◆ **EXERCISE OBJECTIVE**
Leaving out all pictures, write down exactly the lines from the one containing "BoLoli菠萝社 - AngelaLee李玲的私拍圣诞，美图让人想抢那颗雪花球！" through the last line of the material.

◆ **DATA BELOW**
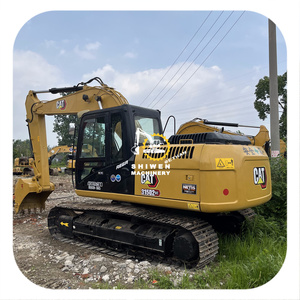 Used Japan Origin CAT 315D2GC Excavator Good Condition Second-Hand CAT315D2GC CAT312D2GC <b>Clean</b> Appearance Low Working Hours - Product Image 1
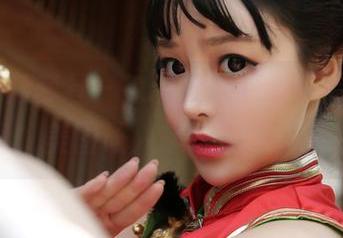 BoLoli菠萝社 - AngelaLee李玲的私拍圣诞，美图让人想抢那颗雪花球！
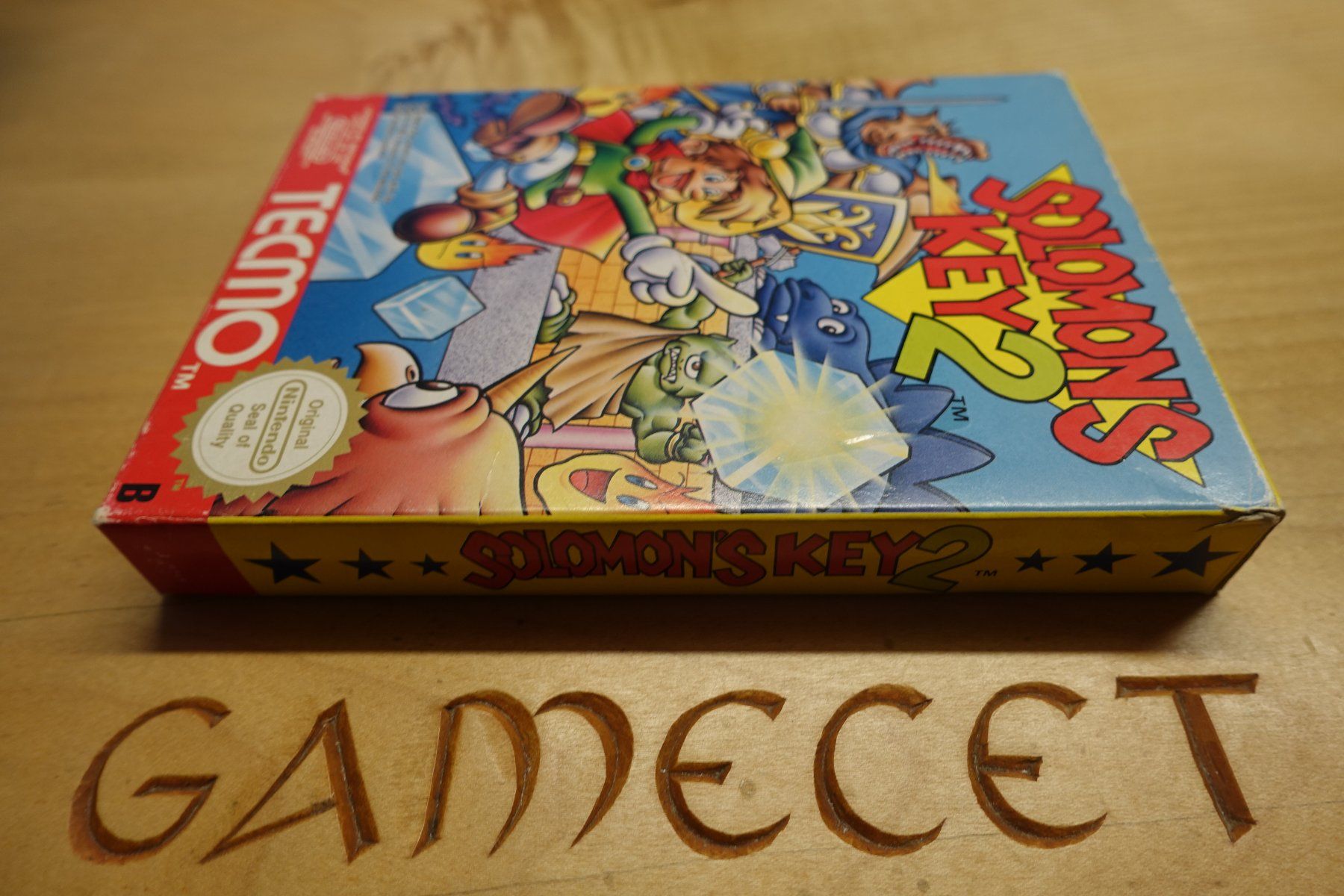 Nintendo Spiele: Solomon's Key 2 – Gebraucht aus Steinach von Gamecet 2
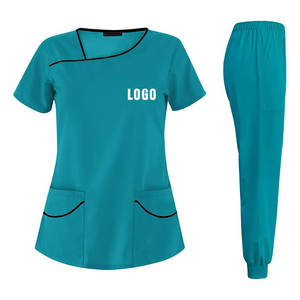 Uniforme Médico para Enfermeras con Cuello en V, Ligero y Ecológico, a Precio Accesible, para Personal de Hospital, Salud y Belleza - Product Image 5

◆ **RESULT OF THIS EXERCISE**
 BoLoli菠萝社 - AngelaLee李玲的私拍圣诞，美图让人想抢那颗雪花球！
 Nintendo Spiele: Solomon's Key 2 – Gebraucht aus Steinach von Gamecet 2
 Uniforme Médico para Enfermeras con Cuello en V, Ligero y Ecológico, a Precio Accesible, para Personal de Hospital, Salud y Belleza - Product Image 5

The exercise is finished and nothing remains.